··· Data in this exercise ···

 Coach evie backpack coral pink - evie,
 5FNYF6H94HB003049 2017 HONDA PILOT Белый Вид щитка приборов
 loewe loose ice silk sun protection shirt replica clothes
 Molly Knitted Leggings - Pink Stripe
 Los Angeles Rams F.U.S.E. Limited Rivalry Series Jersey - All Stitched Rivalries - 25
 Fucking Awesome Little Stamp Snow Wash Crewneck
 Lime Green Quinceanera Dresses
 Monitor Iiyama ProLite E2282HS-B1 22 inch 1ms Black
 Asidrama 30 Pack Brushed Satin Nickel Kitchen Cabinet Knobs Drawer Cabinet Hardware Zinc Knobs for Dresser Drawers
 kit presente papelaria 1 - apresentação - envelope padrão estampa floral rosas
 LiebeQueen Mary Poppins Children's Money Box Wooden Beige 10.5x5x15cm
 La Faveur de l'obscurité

···
··· Data in this exercise ···

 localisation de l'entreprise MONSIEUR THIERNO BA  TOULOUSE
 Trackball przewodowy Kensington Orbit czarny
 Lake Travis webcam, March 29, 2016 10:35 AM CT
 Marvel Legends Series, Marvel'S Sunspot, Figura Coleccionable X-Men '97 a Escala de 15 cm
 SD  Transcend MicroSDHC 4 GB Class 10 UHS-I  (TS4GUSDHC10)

···
··· Data in this exercise ···

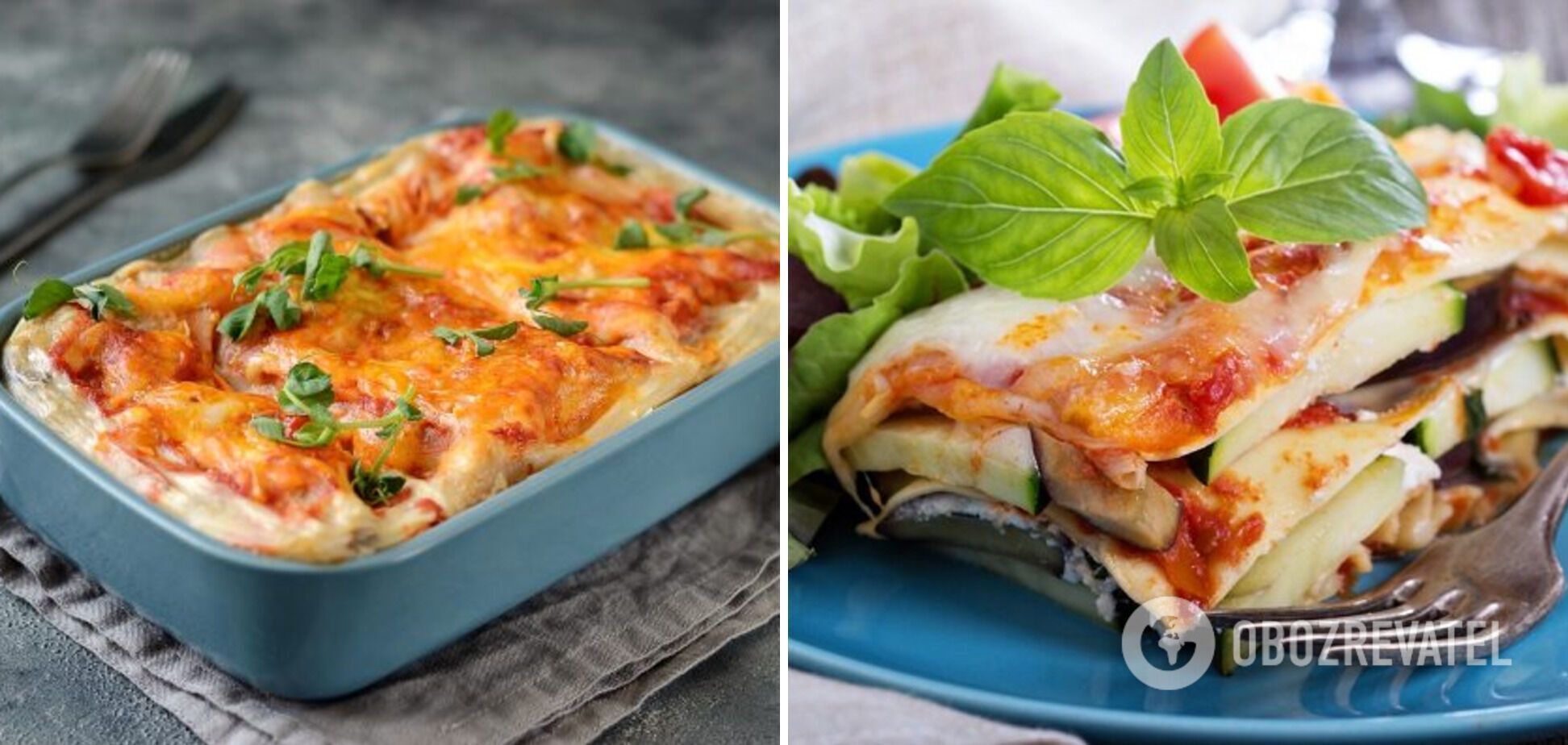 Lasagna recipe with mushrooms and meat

···

## Your goal
Produce a word-for-word copy of everything above from the line holding "Lime Green Quinceanera Dresses" down to the line holding "La Faveur de l'obscurité", with both of those lines kept.

## Exercise output
 Lime Green Quinceanera Dresses
 Monitor Iiyama ProLite E2282HS-B1 22 inch 1ms Black
 Asidrama 30 Pack Brushed Satin Nickel Kitchen Cabinet Knobs Drawer Cabinet Hardware Zinc Knobs for Dresser Drawers
 kit presente papelaria 1 - apresentação - envelope padrão estampa floral rosas
 LiebeQueen Mary Poppins Children's Money Box Wooden Beige 10.5x5x15cm
 La Faveur de l'obscurité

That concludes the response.